If we examine the test suite, we’ll see that we are testing that an error is thrown when the date is badly formatted, but we are not checking the error message. In this case, depending on if we want the tests to be coupled with the ”wrong date” string or not, we may decide to kill this mutant or not. We decided to ignore this mutant to avoid coupling the tests to the exception message.

Conclusions.

We’ve shown an example of how not all surviving mutants point to weaknesses in our test suites. Of the original 36 surviving mutants, only 13 of them were relevant to improve our tests suite[3] (we chose to ignore the one related to the error message). Those 13 mutants are related to boundary conditions that are not being properly exercised by the test suite.

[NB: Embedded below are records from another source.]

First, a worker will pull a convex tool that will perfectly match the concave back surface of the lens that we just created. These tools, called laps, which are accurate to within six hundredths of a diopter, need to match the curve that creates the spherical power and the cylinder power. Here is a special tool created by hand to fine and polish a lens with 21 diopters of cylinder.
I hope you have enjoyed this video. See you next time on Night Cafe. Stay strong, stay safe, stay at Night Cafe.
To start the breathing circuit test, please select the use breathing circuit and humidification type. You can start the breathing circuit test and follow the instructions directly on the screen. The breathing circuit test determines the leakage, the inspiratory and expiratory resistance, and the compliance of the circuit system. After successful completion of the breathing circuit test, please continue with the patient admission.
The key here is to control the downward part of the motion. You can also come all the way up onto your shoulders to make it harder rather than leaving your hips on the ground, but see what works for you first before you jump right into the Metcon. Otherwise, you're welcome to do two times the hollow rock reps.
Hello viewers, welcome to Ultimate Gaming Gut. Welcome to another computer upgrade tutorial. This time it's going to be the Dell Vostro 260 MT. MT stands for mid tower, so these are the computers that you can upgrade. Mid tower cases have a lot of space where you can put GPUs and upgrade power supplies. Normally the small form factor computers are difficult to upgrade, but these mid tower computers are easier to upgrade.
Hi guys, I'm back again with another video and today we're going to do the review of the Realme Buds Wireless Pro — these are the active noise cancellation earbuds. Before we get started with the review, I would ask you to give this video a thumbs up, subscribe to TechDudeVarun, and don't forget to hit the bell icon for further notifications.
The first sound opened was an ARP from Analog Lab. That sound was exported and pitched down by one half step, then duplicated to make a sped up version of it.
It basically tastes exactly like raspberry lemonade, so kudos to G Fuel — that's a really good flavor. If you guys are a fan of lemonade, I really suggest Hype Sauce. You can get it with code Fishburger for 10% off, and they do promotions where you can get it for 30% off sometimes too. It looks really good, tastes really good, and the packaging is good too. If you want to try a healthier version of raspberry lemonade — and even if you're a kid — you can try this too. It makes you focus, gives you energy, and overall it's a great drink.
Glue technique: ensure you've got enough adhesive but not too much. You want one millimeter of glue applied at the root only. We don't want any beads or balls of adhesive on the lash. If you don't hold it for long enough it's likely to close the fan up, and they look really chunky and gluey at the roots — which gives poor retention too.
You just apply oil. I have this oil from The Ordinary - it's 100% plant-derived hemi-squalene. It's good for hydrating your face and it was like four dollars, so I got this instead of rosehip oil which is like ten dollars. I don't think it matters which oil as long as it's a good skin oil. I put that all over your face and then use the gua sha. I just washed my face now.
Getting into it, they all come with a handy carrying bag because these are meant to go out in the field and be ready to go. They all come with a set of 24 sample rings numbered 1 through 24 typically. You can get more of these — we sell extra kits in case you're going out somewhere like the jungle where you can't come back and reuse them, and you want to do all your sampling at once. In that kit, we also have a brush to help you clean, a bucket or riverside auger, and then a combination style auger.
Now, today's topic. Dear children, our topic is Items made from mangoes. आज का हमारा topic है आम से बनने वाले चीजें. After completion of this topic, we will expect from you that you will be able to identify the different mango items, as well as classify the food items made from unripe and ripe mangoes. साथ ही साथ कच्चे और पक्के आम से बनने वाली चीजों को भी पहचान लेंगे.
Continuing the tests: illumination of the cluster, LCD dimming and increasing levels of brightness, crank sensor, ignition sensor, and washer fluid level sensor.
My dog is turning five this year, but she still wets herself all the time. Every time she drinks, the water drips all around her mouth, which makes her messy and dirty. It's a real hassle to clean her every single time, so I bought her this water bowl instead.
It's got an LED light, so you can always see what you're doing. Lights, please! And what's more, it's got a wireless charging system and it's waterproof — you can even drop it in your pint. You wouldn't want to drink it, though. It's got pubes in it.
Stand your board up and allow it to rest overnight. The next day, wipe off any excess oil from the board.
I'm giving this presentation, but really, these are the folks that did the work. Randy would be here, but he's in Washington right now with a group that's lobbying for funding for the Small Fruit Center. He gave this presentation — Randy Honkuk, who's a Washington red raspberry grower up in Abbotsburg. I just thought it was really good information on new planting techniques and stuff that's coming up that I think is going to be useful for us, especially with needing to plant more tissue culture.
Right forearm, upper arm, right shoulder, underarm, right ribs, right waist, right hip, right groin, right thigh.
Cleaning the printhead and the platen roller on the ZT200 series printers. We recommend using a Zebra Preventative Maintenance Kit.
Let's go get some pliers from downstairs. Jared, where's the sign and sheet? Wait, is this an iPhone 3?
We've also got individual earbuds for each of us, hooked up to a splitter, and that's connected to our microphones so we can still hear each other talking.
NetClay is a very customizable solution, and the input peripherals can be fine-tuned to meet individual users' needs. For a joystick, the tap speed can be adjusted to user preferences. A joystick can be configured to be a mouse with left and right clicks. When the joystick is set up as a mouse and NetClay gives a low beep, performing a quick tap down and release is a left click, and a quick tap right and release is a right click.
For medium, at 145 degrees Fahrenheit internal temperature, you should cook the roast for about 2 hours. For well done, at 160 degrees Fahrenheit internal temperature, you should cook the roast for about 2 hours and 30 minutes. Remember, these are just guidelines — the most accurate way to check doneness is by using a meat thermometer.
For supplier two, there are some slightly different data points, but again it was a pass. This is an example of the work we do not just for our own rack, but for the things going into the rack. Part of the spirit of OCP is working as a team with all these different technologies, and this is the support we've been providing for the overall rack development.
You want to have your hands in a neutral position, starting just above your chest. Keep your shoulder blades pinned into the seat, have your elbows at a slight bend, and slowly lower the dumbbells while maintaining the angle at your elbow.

Having to kill 13 mutants instead of 36 is a much less daunting task than killing 36 of them. A nice thing is that most of the discarded, not relevant mutants were easy to identify: the ones related to the existence of dead code[4] and to the introduction of seams. This is great because, sometimes, surviving mutants might not be so easy to kill[5].

We also saw another category of surviving mutants that, even though, do not point to improvements in the test suite, are a signal of code that may be unnecessary to achieve the desired behaviour. We may decide to take advantage of these hints in later refactorings once the test suite has improved by killing the relevant mutants.

I hope this detailed example may prove useful to you when you analyse mutation testing results.

Acknowledgements.

I’d like to thank Fran Reyes and Rubén Díaz for revising drafts of this post.

Also thanks to Audiense’s developers for being the beta testers of the Crazy Portfolio kata as part of our deliberated practice sessions. It is always a pleasure to work with you.

Finally, I’d also like to thank Carlos Machado for the photo.

Notes.

[1] We use a simplified version of this kata in our Changing Legacy Code training.

[2] We already talked about surviving mutants pointing to redundant code in a previous post: Mutando para simplificar.

[3] The 13 relevant surviving mutations are in lines 29 (1), 32 (2), 46 (2), 70 (1), 71 (2), 76 (1), 77 (2) and 83 (2).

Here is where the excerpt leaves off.